Most excellent Theophilus -- It is probable that during Paul’s two year imprisonment at Caesarea that Luke had all this time and opportunity to meet and interview the eye-witnesses of whom he speaks. For instance, in Acts 21:16 we met Mnason who undoubtedly was one of the earliest Christian. (Some translate the description of him to mean "An original disciple" "a charter member".) Paul lodged with him in Jerusalem, and Luke was with this party. We know, for example, that he met Philip (Acts 21:8), who was undoubtedly one of Luke’s sources.
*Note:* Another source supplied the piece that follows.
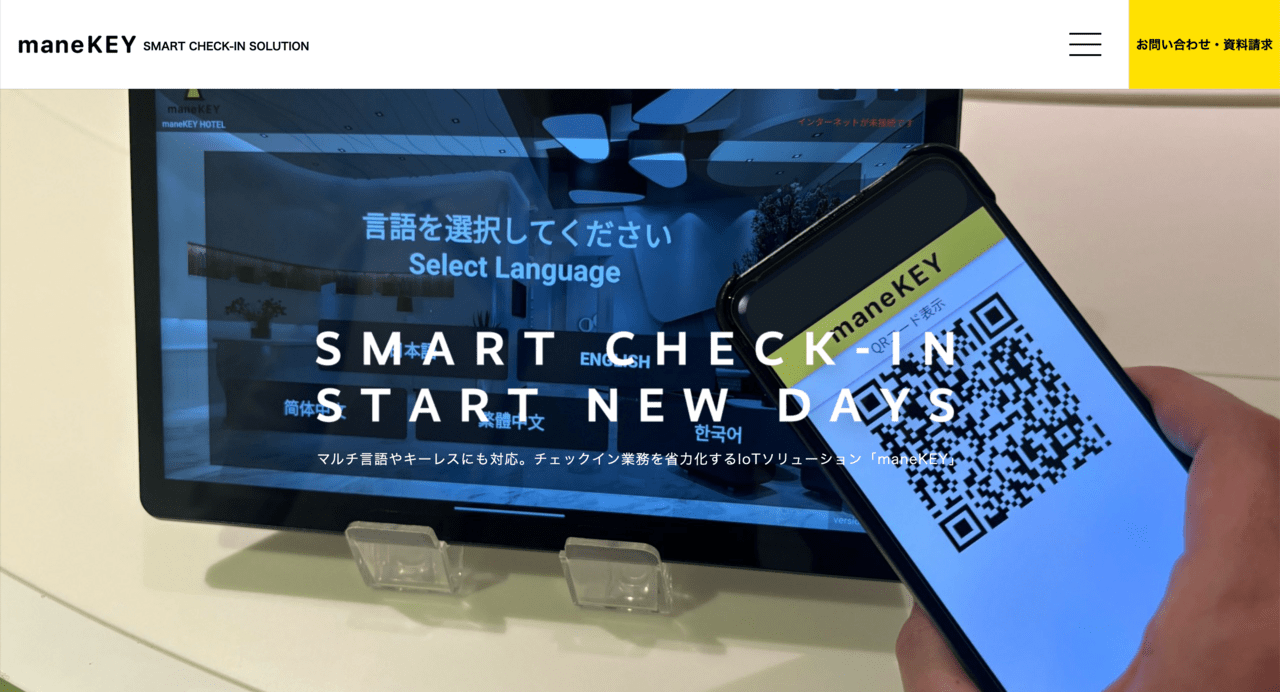 maneKEYの公式サイトトップ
It is believed that Luke gathered some information for his Gospel and Acts from this eye-witness Luke 1:2. Apparently among those interviewed were Mary the mother of Jesus Luke 2:19; Luke 2:33; Luke 2:51; and many others who were close to Jesus personally.

If Luke wrote his Gospel during this two year period (AD 56-58) we should date it about AD 58.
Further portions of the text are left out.